**Data supplied**
==*==

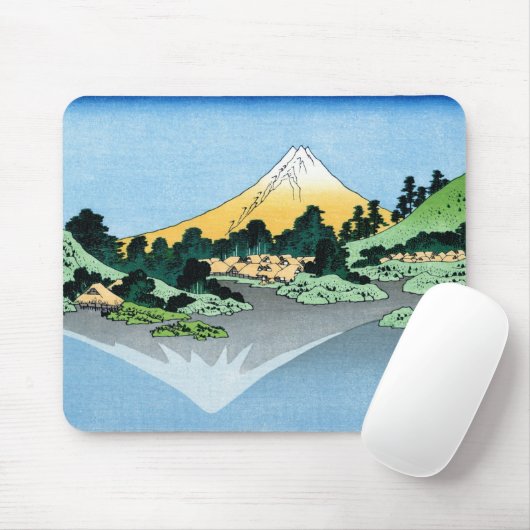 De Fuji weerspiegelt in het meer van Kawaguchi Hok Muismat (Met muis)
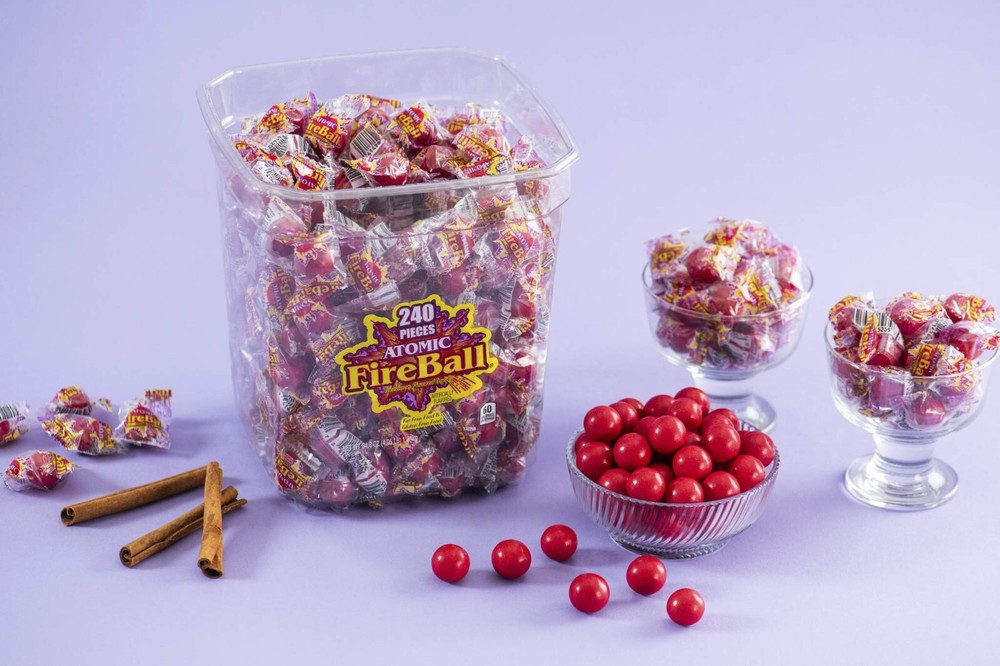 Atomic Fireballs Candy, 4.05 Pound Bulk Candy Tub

==*==

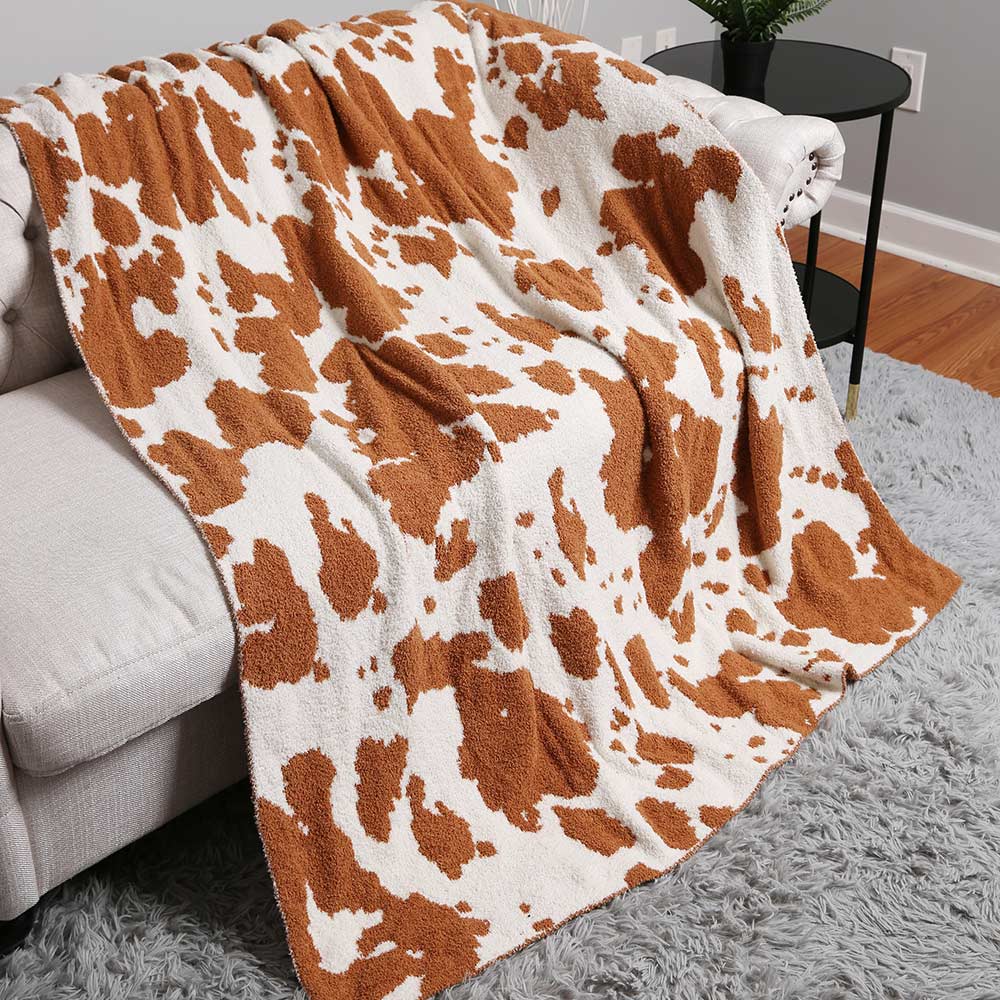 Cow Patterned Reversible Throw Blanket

==*==

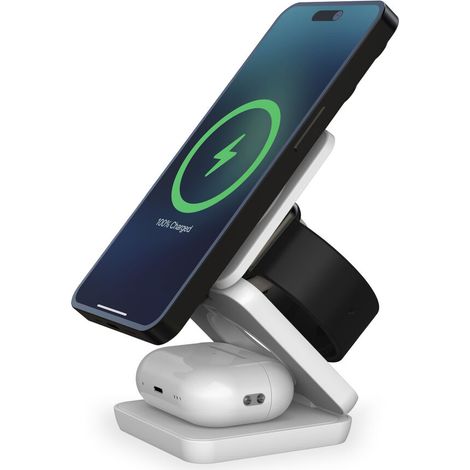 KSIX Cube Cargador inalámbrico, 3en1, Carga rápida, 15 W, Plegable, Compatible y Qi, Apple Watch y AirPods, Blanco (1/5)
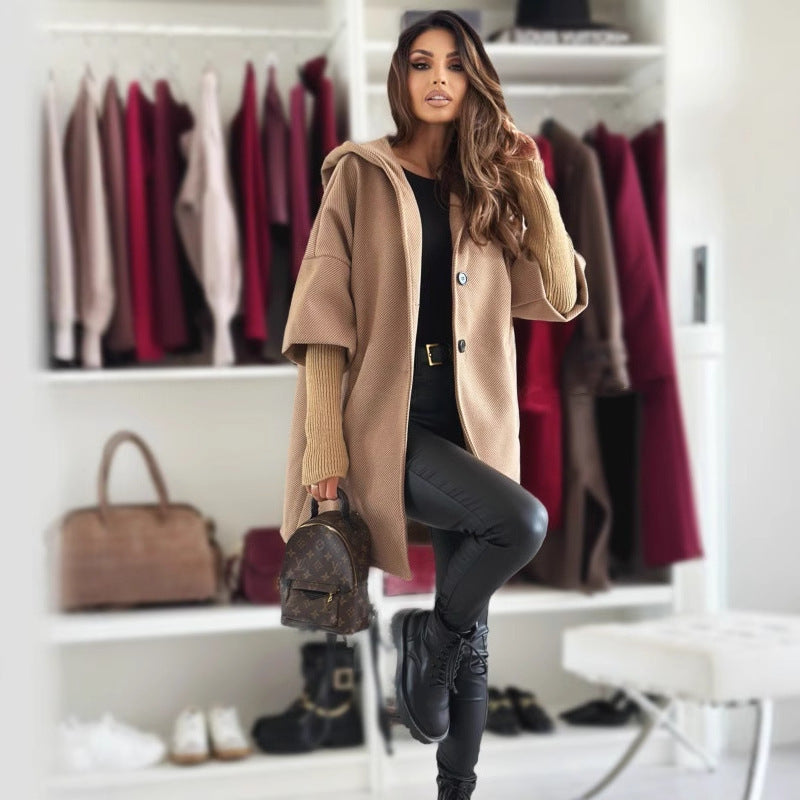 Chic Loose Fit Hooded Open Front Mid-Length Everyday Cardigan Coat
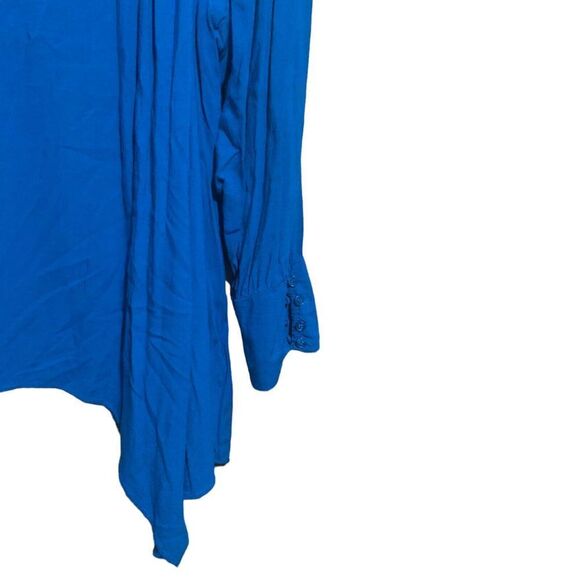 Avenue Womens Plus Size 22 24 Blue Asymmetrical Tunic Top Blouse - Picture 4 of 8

==*==

**Activity**
Above are some entries. Restate word for word the lines from the one holding "De Fuji weerspiegelt" through the one holding "Atomic Fireballs Candy, 4.05", but not the pictures.

**Expected answer**
 De Fuji weerspiegelt in het meer van Kawaguchi Hok Muismat (Met muis)
 Atomic Fireballs Candy, 4.05 Pound Bulk Candy Tub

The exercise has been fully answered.